Loan Verse Lease?

Loan -v- Lease – What’s your preference?  And what’s the difference?

Tell us what your preference is when you are looking at a New Vehicle or Equipment for your Business…


A Loan or a Lease?


And, what are the differences?…


1) Ownership of the Vehicle:

With a Loan you own the vehicle with an encumbrance from the financier and this will appear on your Balance Sheet as an Asset and the Loan as a Liability.

With a Lease, the financier owns the vehicle and this will not appear on your Balance Sheet.

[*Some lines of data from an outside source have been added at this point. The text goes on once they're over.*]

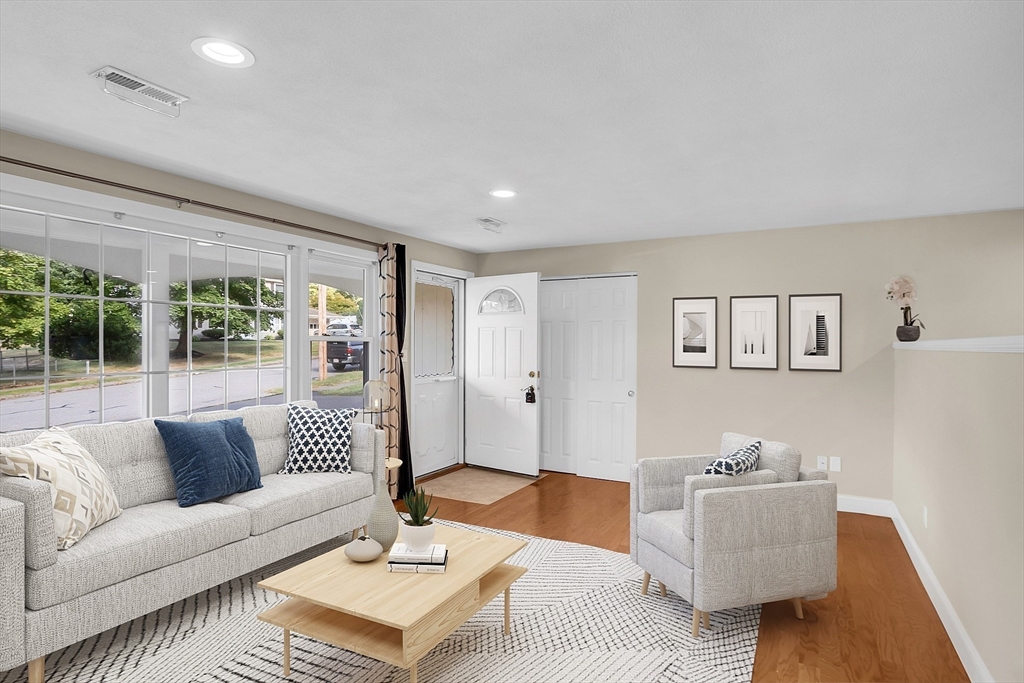 1 Alan Road Hudson, MA 01749 - Photo 4 of 38 a living room with furniture and a large window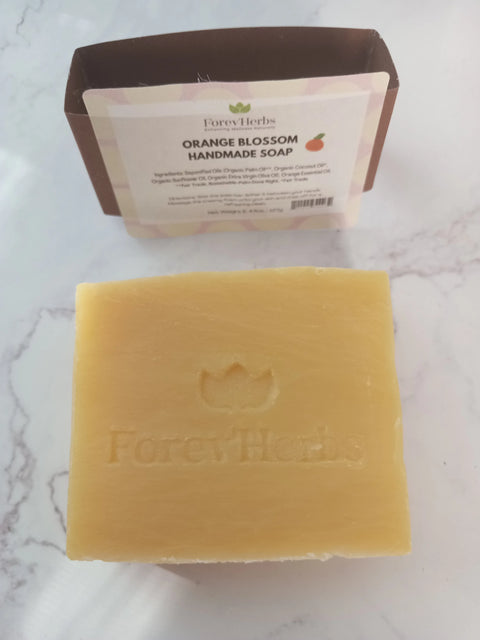 A bar of Forev'Herbs Orange Blossom Handmade Soap sits on marble, featuring its embossed logo. The packaging behind highlights its hydrating lather and natural orange essential oil ingredients.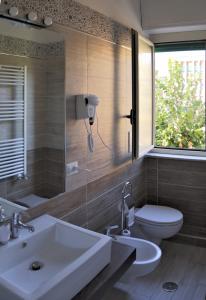 baño con lavabo y aseo y ventana en B&B Rosa, en Cosenza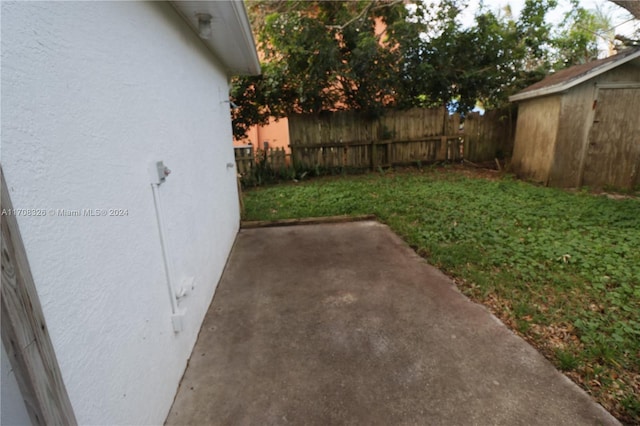 view of yard with a patio and a storage shed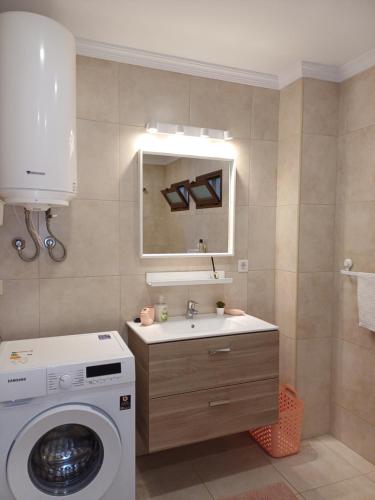 uma casa de banho com uma máquina de lavar roupa e um lavatório em Happy Heart Los Molinos em Costa Teguise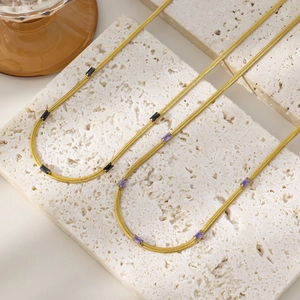 Detail of 18K gold-plated snake chains with purple and black rectangular zircon stones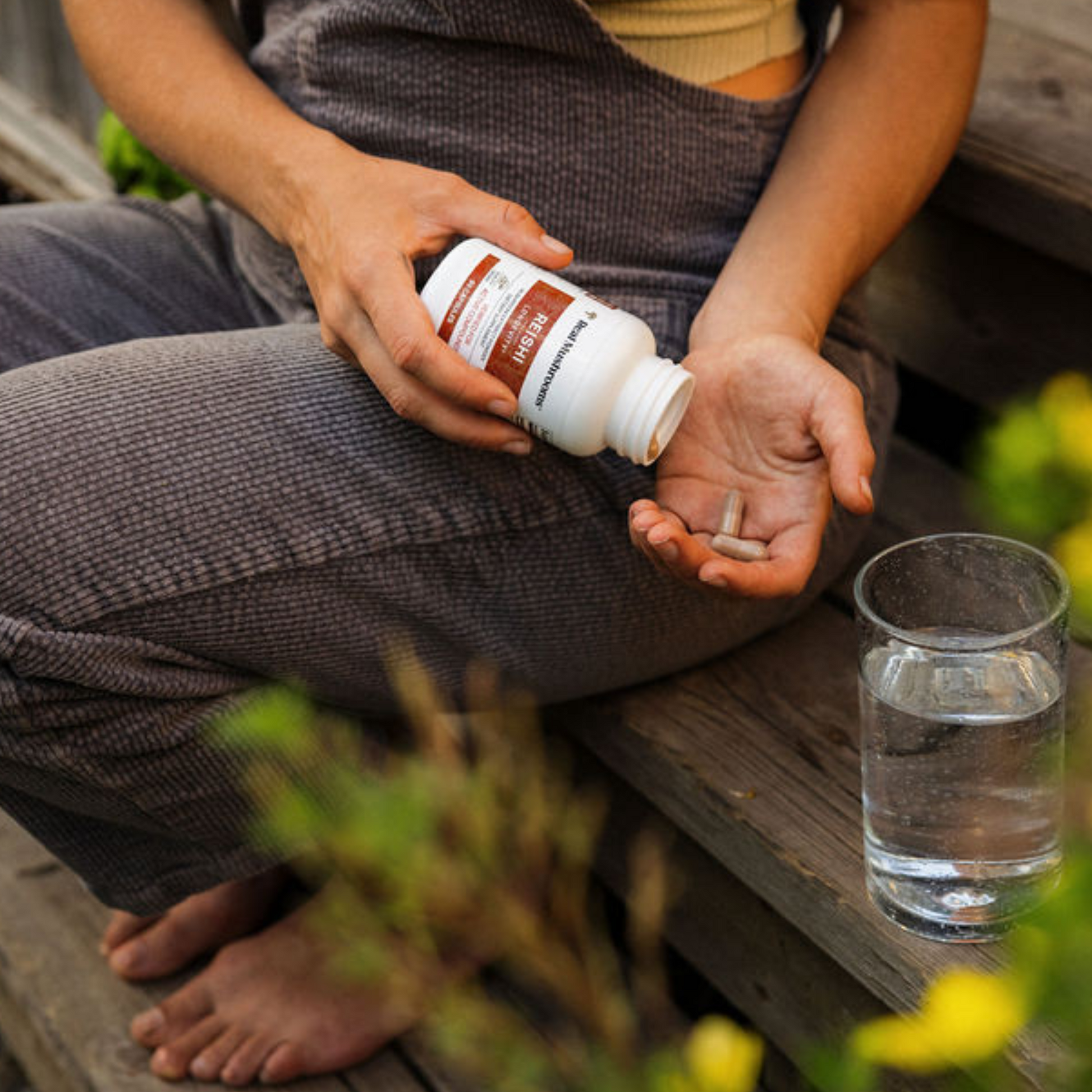 A person on outdoor wooden steps pours Real Mushrooms Organic Reishi Mushroom Capsules into their hand from a supplement bottle, with a glass of water nearby.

2) The amount of deposit required:

With a Loan, the amount of deposit required is dependent upon the applicant’s financial position. If you are a property owner, usually no deposit is required. If you rent and have no real estate assets, then somewhere between 10% – 30% of the cost price of the vehicle or equipment may be required. Loans can also be structured to include a Balloon payment at the end of the term of the Loan, to reduce the repayments.

With a Lease, there is usually no deposit required, however, there will be a Residual Payment due at the end of the Lease and this is governed by ATO guidelines.

3) Repayments claimable (if the vehicle or equipment is purchased for business purposes):

With a Loan, all of the interest paid and the vehicle depreciation, is claimable in your tax (the principal part of the repayments is not claimable). On a side note, no GST is in the repayments but you may be able to claim the total GST portion of the vehicle or equipment in your next BAS.

With a Lease, the full net repayment less the GST amount of the repayment, is claimable (and the GST portion of each payment is claimed in your BAS).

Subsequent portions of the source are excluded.